=== ABOUT THIS TASK ===
Keeping pictures out, repeat the lines of the listing below exactly, starting at its first line and finishing with the one that holds "OUTLET Bēšas krāsas".

=== STUDY MATERIAL ===

□ □ □ □ □

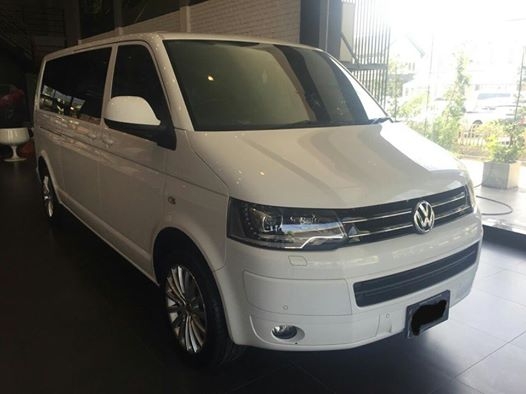 Caravelle ปี 2013 วิ่ง 28,000 km  ราคา 2,300,000 บาท                    เรา มีบริการ ขายรถ ใหม่ ป้ายแดงนำเข้าโดยตรง ราคาพิเศษ สั่งได้ทุกรุ่น  รถนำเข้าทุกรุ่น ทุกยี่ห้อ รถใหม่   และ  รถมือ 2 นำเข้าถูกต้อง มีใบ 32 พร้อมศูนย์บริการมาตรฐาน     จัดจำหน่ายรถในร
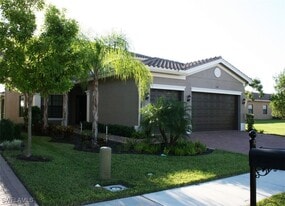 3296 Pacific Dr in Naples, FL - Building Photo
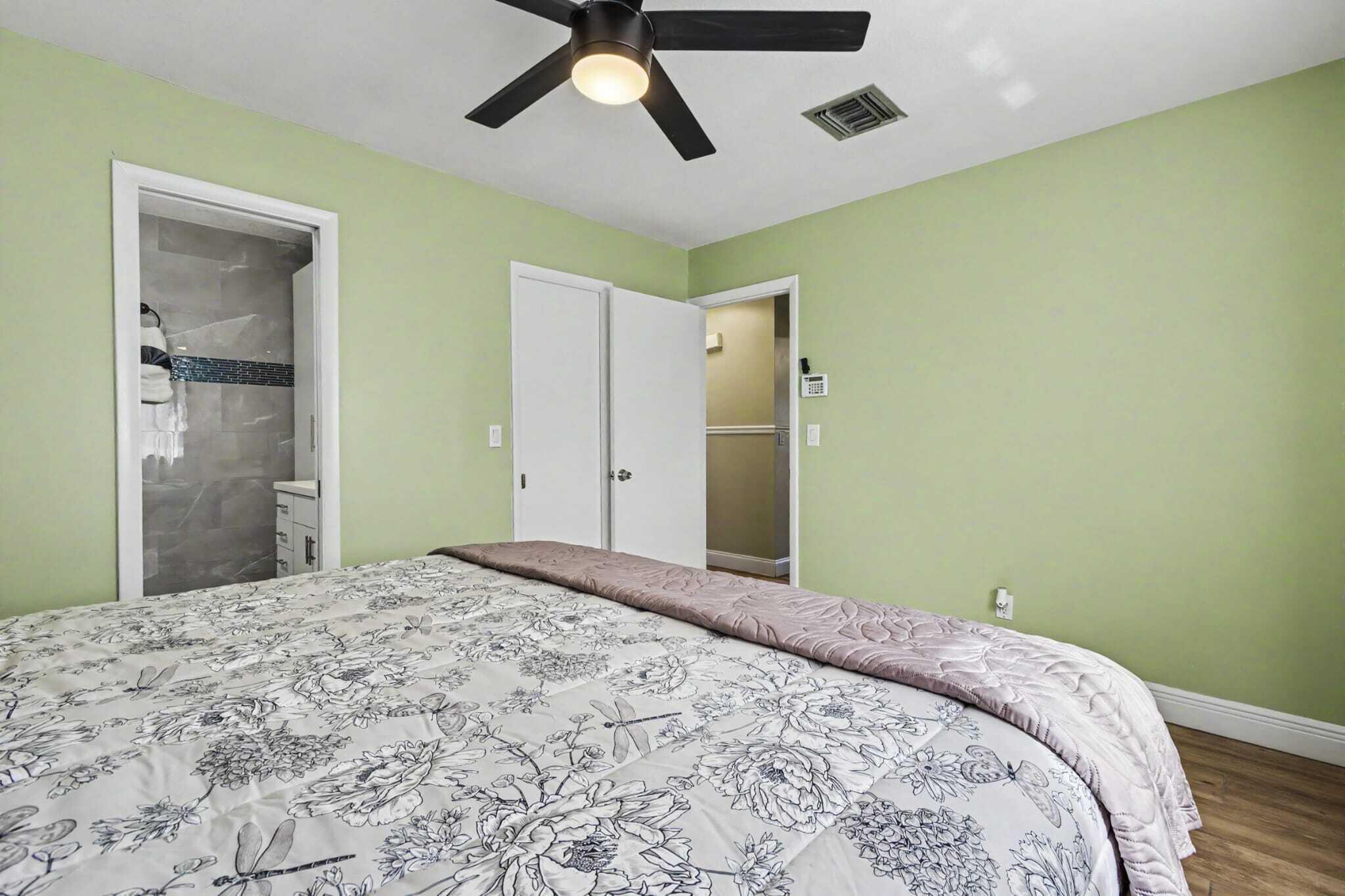 8720 NW 46TH, Lauderhill FL 33351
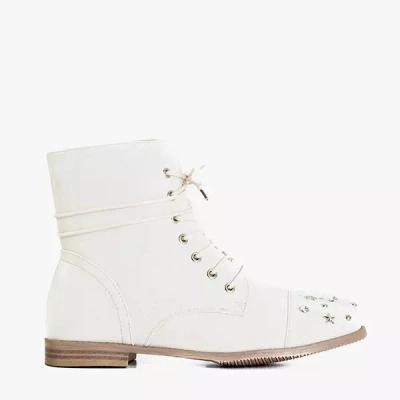 OUTLET Bēšas krāsas sieviešu zābaki ar rotājumiem Matildat - Apavi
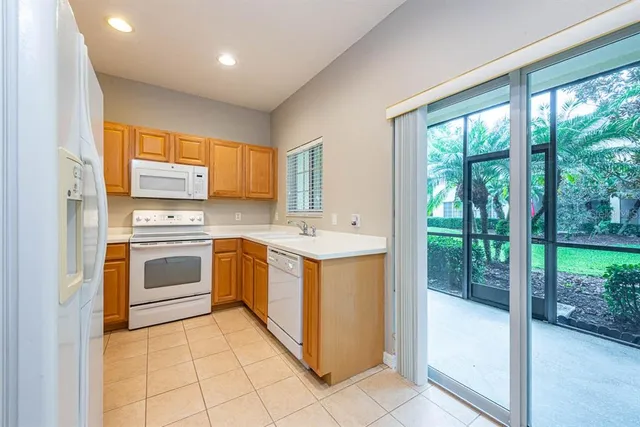 $228,000 | 267 Cape Harbour Loop, Unit 103, Bradenton, FL 34212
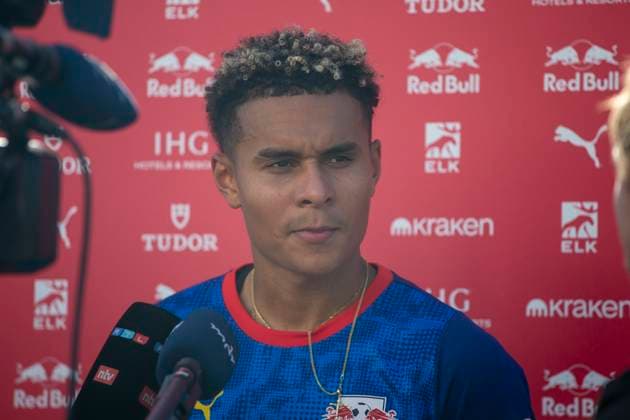 GER, Leipzig, Fußball, Bundesliga, oeffentliches Training, RB Leipzig im Bild v.l.: Antonio Nusa (RB Leipzig 07), Interview vor Werbewand mit Sponsoren 30.09.2025, RB Leipzig Training Akademie Cottaweg Leipzig DFL DFB REGULATIONS PROHIBIT ANY USE OF PHOTOGRAPHS AS IMAGE SEQUENCES AND OR QUASI-VIDEO, Copyright: HMBxMedia PaulxFritz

□ □ □ □ □

=== RESPONSE FOR THIS EXERCISE ===
 Caravelle ปี 2013 วิ่ง 28,000 km  ราคา 2,300,000 บาท                    เรา มีบริการ ขายรถ ใหม่ ป้ายแดงนำเข้าโดยตรง ราคาพิเศษ สั่งได้ทุกรุ่น  รถนำเข้าทุกรุ่น ทุกยี่ห้อ รถใหม่   และ  รถมือ 2 นำเข้าถูกต้อง มีใบ 32 พร้อมศูนย์บริการมาตรฐาน     จัดจำหน่ายรถในร
 3296 Pacific Dr in Naples, FL - Building Photo
 8720 NW 46TH, Lauderhill FL 33351
 OUTLET Bēšas krāsas sieviešu zābaki ar rotājumiem Matildat - Apavi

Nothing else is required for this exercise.